Политкорректное вытеснение религиозного фактора из подобных трагедий указывает на отказ осмыслять их идеологические причины. Страх обвинить Ислам и прослыть расистом здесь не основной, скорее декоративный. Чего мы на самом деле боимся, так это признать, что в нас, белых европейских христианах, сидит аналогичная химера. Проблема ведь не в Исламе. Проблема в религии как таковой. Когда воображаемое начинает казаться реальным и, в одночасье, святым, неприкосновенным – жди беды. Можно сколько угодно повторять, что “бог – это любовь”, но всю свою историю сие любвеобильное существо насаждало себя огнём и мечом. Божество ревностно в своём культе. Апеллируя к Истине, оно допускает лишь одно её понимание – своё. Все прочие представляют угрозу. Для верующего человека его система убеждений – это не просто вопрос выбора. Это вопрос праведного и неправедного. Если креститься можно не только справа налево, то и молиться можно разным богам. Для любой монотеистической религии подобное отношение немыслимо. Отсюда – Крестовый поход и взорванная Пальмира.

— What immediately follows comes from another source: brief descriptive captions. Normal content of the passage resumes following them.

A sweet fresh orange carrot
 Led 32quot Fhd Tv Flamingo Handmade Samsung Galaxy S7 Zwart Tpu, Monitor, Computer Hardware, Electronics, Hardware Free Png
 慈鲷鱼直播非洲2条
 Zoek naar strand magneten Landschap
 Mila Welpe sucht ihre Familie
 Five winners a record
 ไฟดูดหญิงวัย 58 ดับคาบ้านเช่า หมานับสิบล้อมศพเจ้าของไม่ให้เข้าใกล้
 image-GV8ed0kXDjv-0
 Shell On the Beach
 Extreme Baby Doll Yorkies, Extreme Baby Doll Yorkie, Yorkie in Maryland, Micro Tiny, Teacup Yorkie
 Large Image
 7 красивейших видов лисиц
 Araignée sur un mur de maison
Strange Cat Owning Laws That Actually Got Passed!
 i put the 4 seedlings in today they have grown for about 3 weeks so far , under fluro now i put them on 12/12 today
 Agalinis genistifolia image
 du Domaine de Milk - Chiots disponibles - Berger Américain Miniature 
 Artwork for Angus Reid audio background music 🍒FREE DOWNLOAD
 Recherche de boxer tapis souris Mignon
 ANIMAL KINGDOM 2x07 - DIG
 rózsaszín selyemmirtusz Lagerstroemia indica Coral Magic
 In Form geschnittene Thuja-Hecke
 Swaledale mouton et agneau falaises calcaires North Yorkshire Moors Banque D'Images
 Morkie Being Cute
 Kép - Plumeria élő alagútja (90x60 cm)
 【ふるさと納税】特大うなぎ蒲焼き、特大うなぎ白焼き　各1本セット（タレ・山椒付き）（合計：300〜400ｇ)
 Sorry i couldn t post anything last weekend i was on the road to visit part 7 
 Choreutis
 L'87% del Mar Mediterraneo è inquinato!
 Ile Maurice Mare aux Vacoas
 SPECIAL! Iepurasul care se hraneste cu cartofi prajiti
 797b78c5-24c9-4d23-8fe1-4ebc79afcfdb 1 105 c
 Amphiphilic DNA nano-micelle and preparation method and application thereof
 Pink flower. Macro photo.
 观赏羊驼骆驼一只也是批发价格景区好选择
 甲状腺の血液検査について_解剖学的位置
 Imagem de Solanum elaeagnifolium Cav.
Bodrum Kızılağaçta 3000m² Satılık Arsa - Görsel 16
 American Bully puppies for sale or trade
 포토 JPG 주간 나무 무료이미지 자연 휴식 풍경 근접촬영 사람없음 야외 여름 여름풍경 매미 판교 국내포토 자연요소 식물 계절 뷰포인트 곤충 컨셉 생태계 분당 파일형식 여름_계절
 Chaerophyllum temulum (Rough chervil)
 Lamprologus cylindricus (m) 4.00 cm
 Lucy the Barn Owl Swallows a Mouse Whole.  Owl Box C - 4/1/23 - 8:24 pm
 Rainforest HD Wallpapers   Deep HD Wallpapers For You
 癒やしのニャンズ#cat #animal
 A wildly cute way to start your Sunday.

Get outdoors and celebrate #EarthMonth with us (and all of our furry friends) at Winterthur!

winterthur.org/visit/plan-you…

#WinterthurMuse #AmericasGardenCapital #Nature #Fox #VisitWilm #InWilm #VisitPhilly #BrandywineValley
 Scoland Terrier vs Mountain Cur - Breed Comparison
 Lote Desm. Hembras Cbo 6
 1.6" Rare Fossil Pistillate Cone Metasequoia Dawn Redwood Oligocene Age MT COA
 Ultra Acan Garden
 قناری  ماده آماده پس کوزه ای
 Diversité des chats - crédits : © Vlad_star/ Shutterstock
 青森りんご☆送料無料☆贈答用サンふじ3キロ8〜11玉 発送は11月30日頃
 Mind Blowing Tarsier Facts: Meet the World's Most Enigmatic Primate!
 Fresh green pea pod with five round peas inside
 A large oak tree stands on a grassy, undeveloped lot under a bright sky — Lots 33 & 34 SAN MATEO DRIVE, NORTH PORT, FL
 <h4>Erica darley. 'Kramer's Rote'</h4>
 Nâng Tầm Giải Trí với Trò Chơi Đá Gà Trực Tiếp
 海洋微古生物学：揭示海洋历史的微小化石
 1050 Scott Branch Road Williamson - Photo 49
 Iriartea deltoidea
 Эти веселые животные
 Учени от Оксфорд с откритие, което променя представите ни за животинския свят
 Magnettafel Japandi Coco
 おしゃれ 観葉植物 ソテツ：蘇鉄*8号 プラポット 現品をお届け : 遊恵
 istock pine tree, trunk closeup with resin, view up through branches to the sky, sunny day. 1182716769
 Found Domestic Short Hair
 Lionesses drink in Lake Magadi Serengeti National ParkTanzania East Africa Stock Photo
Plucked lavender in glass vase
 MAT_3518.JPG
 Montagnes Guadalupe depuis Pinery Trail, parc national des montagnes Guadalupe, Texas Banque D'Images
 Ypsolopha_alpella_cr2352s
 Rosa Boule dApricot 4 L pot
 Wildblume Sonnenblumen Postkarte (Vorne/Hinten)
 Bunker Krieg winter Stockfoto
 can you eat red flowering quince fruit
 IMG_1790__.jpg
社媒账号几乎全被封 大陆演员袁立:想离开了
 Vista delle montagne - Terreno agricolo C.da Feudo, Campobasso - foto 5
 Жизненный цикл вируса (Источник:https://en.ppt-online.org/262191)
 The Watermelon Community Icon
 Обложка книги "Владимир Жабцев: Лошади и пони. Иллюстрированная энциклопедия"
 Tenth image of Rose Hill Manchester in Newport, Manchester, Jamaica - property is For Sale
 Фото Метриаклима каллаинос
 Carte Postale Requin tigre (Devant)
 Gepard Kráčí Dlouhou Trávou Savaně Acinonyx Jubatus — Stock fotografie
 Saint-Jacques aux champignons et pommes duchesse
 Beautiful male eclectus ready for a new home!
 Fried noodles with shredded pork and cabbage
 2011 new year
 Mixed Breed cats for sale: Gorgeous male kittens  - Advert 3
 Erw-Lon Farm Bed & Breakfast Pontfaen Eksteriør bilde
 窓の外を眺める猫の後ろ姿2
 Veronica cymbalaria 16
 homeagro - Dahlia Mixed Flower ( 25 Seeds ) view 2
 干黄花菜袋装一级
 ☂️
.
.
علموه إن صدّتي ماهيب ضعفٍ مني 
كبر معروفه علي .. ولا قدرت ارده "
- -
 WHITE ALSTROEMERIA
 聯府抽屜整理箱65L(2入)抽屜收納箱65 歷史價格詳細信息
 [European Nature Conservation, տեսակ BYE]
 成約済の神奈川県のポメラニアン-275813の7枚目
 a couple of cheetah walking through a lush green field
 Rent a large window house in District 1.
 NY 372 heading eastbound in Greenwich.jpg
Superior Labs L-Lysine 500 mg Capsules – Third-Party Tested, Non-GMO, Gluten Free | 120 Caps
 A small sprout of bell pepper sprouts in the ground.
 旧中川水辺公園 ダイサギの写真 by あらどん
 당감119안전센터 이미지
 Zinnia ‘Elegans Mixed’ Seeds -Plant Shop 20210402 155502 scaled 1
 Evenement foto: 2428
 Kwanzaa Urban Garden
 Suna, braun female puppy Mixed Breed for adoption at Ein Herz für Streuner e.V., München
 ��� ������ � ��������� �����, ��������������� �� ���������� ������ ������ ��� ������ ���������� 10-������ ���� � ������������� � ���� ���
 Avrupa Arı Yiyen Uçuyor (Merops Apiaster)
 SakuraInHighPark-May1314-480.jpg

Теракт не должен превращать нас в ксенофобов. Бороться нужно не с беженцами, спасающимся от войны, но с самим религиозным мышлением и его причинами в нас. Это не только невежество и страх смерти. Вера в бога является отражением нашего неверия в самих себя. Иначе зачем измышлять себе карающего родителя, на фоне которого каждый из нас лишь грешная вошь? "Ибо без бога нет порядка – только хаос и зло". Неужели без этих воздушных замков мы не способны любить и уважать друг друга? Неужели только страх наказания способен держать нас в узде? У наших возвышенных устремлений могут быть тысячи сосудов – вполне себе земных и непосредственных проектов – и, тем не менее, мы выбираем божество. Когда же оно отгрызает нам головы, мы говорим: "нет-нет, наш бог здесь не причём". И в этом тоже скрыта наша ненависть к себе.